Aujourd’hui,  on ne reste plus dans un boulot par habitude. On constate que les travailleurs  et travailleuses modifient plus vite leur trajectoire. Le rapport activité professionnelle et domaine privé est davantage questionné et s’ancre dans les choix de vie de chacun. On va désormais penser en vision ergonomique et voir comment cette vision de la vie professionnelle s’accorde avec celle de sa propre vie. Le rapport au travail est revu dans la durée et dans son articulation avec la vie privée. Désormais on adapte son activité professionnelle à sa vie privée et plus l’inverse. En outre, la redistribution des rôles du masculin et féminin dans les domaines professionnels et privés a pour conséquence que les hommes ont également des attentes pour le domaine privé. Avant, les hommes étaient aux fourneaux de l’Horeca et les femmes à ceux de la maison mais la cartographie a changé. Si on ne tient pas compte de ce nouveau biotope, on va se tromper en terme de recrutement.

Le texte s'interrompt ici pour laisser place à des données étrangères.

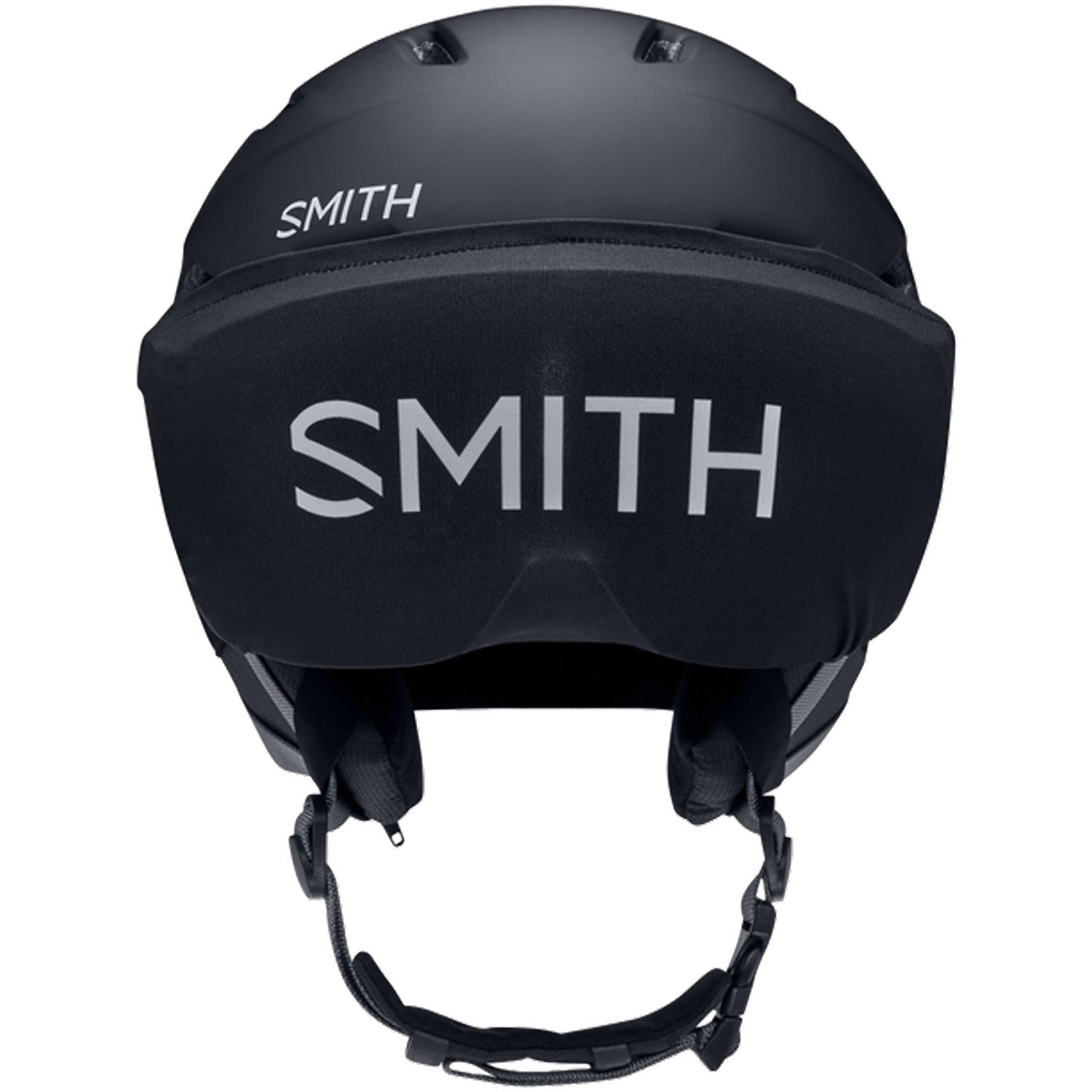 Survey MIPS Visor Snow Helmet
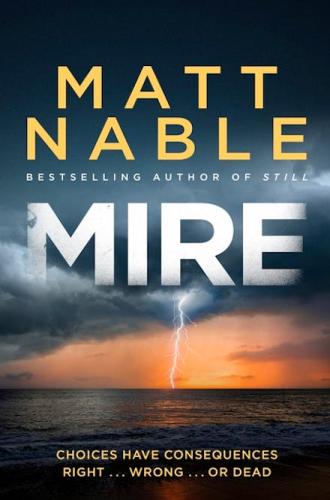 A page-turning thriller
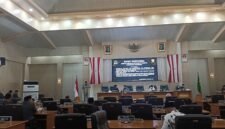 DPRD Kabupaten Sukabumi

Comment optimiser son recrutement ? 

Actuellement, on observe beaucoup de symptômes de surcharge chez l’employeur.euse car  prendre en compte les besoins de l’autre sans prendre soin de soi n’est pas possible. Il faut examiner comment l’employeur.euse vit cet écartèlement. Le questionnement se pose sur le choix de vie et à partir de là de définir le job proposé.
Cette première question permet d’affiner et de réussir son recrutement : quelles sont les attentes des employés et employées et comment trouver une solution ? Comment recruter tout en tenant compte de leurs besoins fondamentaux ?
L’employeur.euse doit communiquer sur l’identité de son entreprise et prendre du temps pour examiner ses besoins en matière de personnel – ce qui est déjà un premier challenge dans un timing d’urgence. Ensuite, il faut arriver à combiner ses besoins sur le plan professionnel et ceux de l’employé.e et avoir une certaine souplesse et si son entreprise le permet 

Entre employé et employeur, le dialogue est de plus en plus compliqué. Quels sont les forces vives en présence ?
L’employeur.euse est un indépendant.e et considère son business comme son bébé. A l’inverse, l’employé.e est un salarié.e et c’est son salaire qui compte. L’employeur.euse doit être à l’écoute de l’autre et pouvoir communiquer sa vision. Avec l’Horeca, on est dans une chose vivante et l’employeur.euse peut emmener l’employé.e dans son histoire pour susciter motivation et passion. 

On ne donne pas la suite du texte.